Pytorch深度学习50篇·······第七篇:GAN生成对抗网络---PIX2PIX

Posted 咕里个咚

tags:

篇首语:本文由小常识网(cha138.com)小编为大家整理,主要介绍了Pytorch深度学习50篇·······第七篇:GAN生成对抗网络---PIX2PIX相关的知识,希望对你有一定的参考价值。

可能看过看过我上两篇GAN和CGAN的朋友们都认为,mnist数据太简单了,也不太适合拿出去show,所以我们来一个复杂一点的,这次难度比之前两篇的难度又有所提升了,所以,请大家不要慌张,紧跟脚步,我们来开整。

3.PIX2PIX

3.1PIX2PIX的网络结构

可以看到仍然是两个网络:生成器和判别器

不同的是:

1.生成器这次变样子了,它变成了一个全卷积网络,且类似于一个U-NET网络的结构,我们一共进行了8次下采样和8次上采样。

2.判别这次的输入是两个(256,256,3)的数据了,我们把它这个两个数据concat到一起了,这里也没有使用全连接层了,我们也改成了全卷积。

3.2算法逻辑

在了解算法逻辑之前,我们先来看看这次要用到的数据集,来方便算法逻辑的理解。

我们用到的数据集是:Facades,长什么样子呢

就是这个样子,每张图片的左边是房子的原图,右边是房子的简图,我们的目标就是:输入简图,让生成器生成和原图相似的房子图片。

下面我们就来盘一盘这个逻辑

1.首先给生成器输入一个简图,其数据维度是N*256*256*3,经过生成器后生成一个N*256*256*3的一个数据,我们把这个生成的数据和原来的简图数据concat到一起,然后送入判别器,此时我们希望判别器输出的N*16*16*1的数据是一个全1的数据,也就是说,希望生成器生成的图能够骗过判别器,从而来优化生成器。同时我们再让生成的N*256*256*3的数据和它的原图数据求一个L1loss,从而使得生成的图和原图又一定的相似性,这个也就是传说中的风格迁移。

2.现在再把原图和原始的简图concat到一起去,送入判别器,此时我们希望判别器的输出N*16*16*1的数据是仍然是全一的,同时生成的图片和原始的简图concat到一起去之后,希望判别器输出的N*16*16*1的数据是全零的,以此来优化判别器。

3.至此,生成器和判别器就开始对抗起来了,印证了那句老话,我不仅要学习你,我还要超越你。

3.3实现代码

首先是 model.py,里面定义了我们的模型结构

import torch.nn as nn
import torch


def weights_init_normal(m):
    classname = m.__class__.__name__
    if classname.find("Conv") != -1:
        torch.nn.init.normal_(m.weight.data, 0.0, 0.02)
    elif classname.find("BatchNorm2d") != -1:
        torch.nn.init.normal_(m.weight.data, 1.0, 0.02)
        torch.nn.init.constant_(m.bias.data, 0.0)


##############################
#           U-NET
##############################


class UNetDown(nn.Module):
    def __init__(self, in_size, out_size, normalize=True, dropout=0.0):
        super(UNetDown, self).__init__()
        layers = [nn.Conv2d(in_size, out_size, 4, 2, 1, bias=False)]
        if normalize:
            layers.append(nn.InstanceNorm2d(out_size))
        layers.append(nn.LeakyReLU(0.2))
        if dropout:
            layers.append(nn.Dropout(dropout))
        self.model = nn.Sequential(*layers)

    def forward(self, x):
        return self.model(x)


class UNetUp(nn.Module):
    def __init__(self, in_size, out_size, dropout=0.0):
        super(UNetUp, self).__init__()
        layers = [
            nn.ConvTranspose2d(in_size, out_size, 4, 2, 1, bias=False),
            nn.InstanceNorm2d(out_size),
            nn.ReLU(inplace=True),
        ]
        if dropout:
            layers.append(nn.Dropout(dropout))

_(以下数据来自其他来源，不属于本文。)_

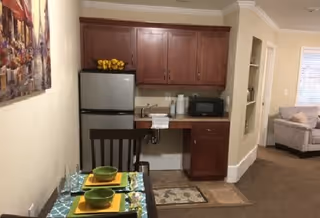 A small kitchenette area with a refrigerator, microwave, sink, and wooden cabinets. In front of the kitchenette is a dining table set for two with green bowls, yellow placemats, and glasses. To the right, there is a partial view of a living room with a beige sofa and a window with blinds.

        self.model = nn.Sequential(*layers)

    def forward(self, x, skip_input):
        x = self.model(x)
        x = torch.cat((x, skip_input), 1)

        return x


class GeneratorUNet(nn.Module):
    def __init__(self, in_channels=3, out_channels=3):
        super(GeneratorUNet, self).__init__()

        self.down1 = UNetDown(in_channels, 64, normalize=False)
        self.down2 = UNetDown(64, 128)
        self.down3 = UNetDown(128, 256)
        self.down4 = UNetDown(256, 512, dropout=0.5)
        self.down5 = UNetDown(512, 512, dropout=0.5)
        self.down6 = UNetDown(512, 512, dropout=0.5)
        self.down7 = UNetDown(512, 512, dropout=0.5)
        self.down8 = UNetDown(512, 512, normalize=False, dropout=0.5)

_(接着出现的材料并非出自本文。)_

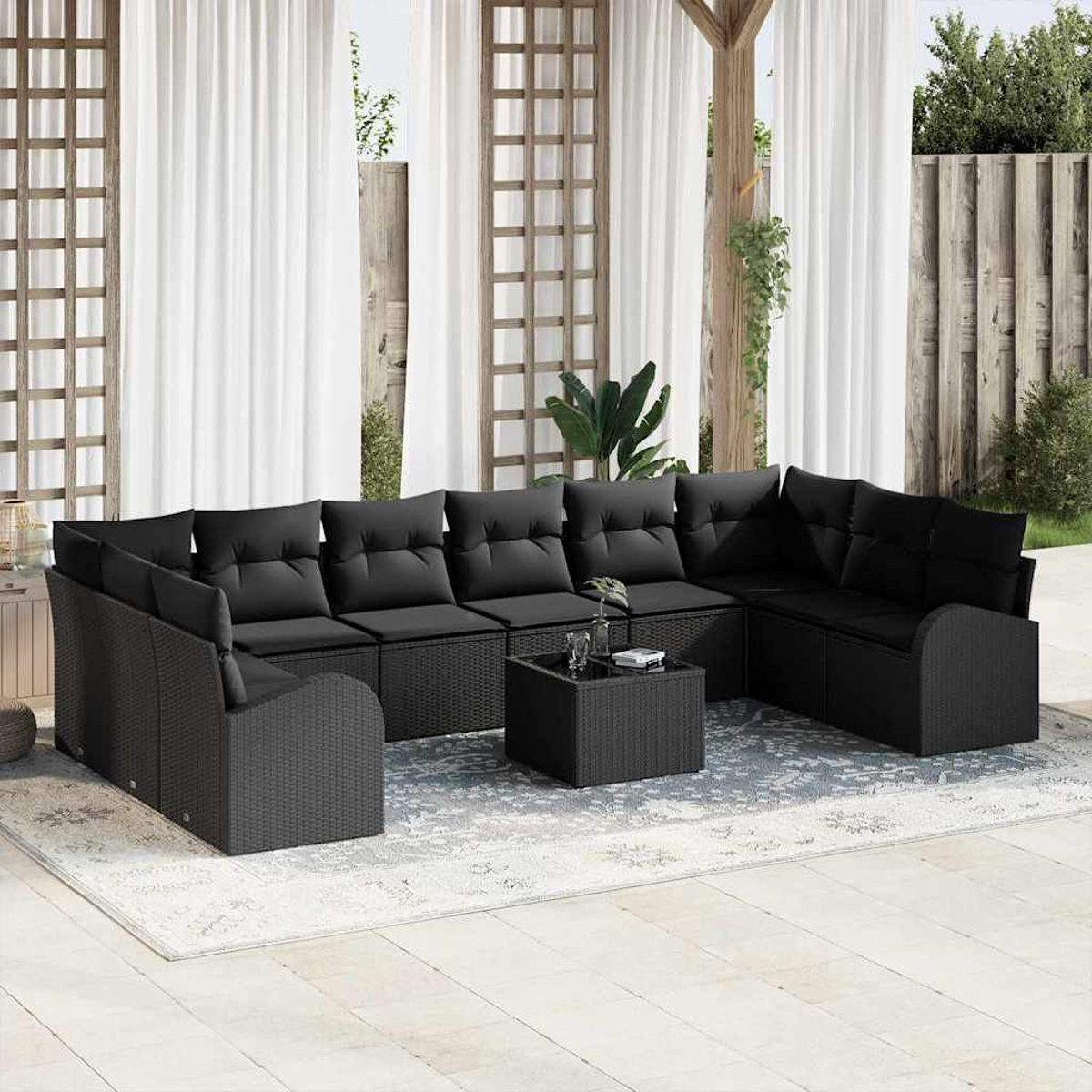 Schwarzes Korbsessel-Sofa mit Kissen und einem kleinen Tisch. Weiße Vorhänge und eine Holzkonstruktion im Hintergrund.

        self.up1 = UNetUp(512, 512, dropout=0.5)
        self.up2 = UNetUp(1024, 512, dropout=0.5)
        self.up3 = UNetUp(1024, 512, dropout=0.5)
        self.up4 = UNetUp(1024, 512, dropout=0.5)
        self.up5 = UNetUp(1024, 256)
        self.up6 = UNetUp(512, 128)
        self.up7 = UNetUp(256, 64)

        self.final = nn.Sequential(
            nn.Upsample(scale_factor=2),
            nn.ZeroPad2d((1, 0, 1, 0)),
            nn.Conv2d(128, out_channels, 4, padding=1),
            nn.Tanh(),
        )

    def forward(self, x):
        # U-Net generator with skip connections from encoder to decoder
        d1 = self.down1(x)
        d2 = self.down2(d1)
        d3 = self.down3(d2)
        d4 = self.down4(d3)
        d5 = self.down5(d4)
        d6 = self.down6(d5)
        d7 = self.down7(d6)
        d8 = self.down8(d7)
        u1 = self.up1(d8, d7)
        u2 = self.up2(u1, d6)
        u3 = self.up3(u2, d5)
        u4 = self.up4(u3, d4)
        u5 = self.up5(u4, d3)
        u6 = self.up6(u5, d2)
        u7 = self.up7(u6, d1)

        return self.final(u7)


##############################
#        Discriminator
##############################


class Discriminator(nn.Module):
    def __init__(self, in_channels=3):
        super(Discriminator, self).__init__()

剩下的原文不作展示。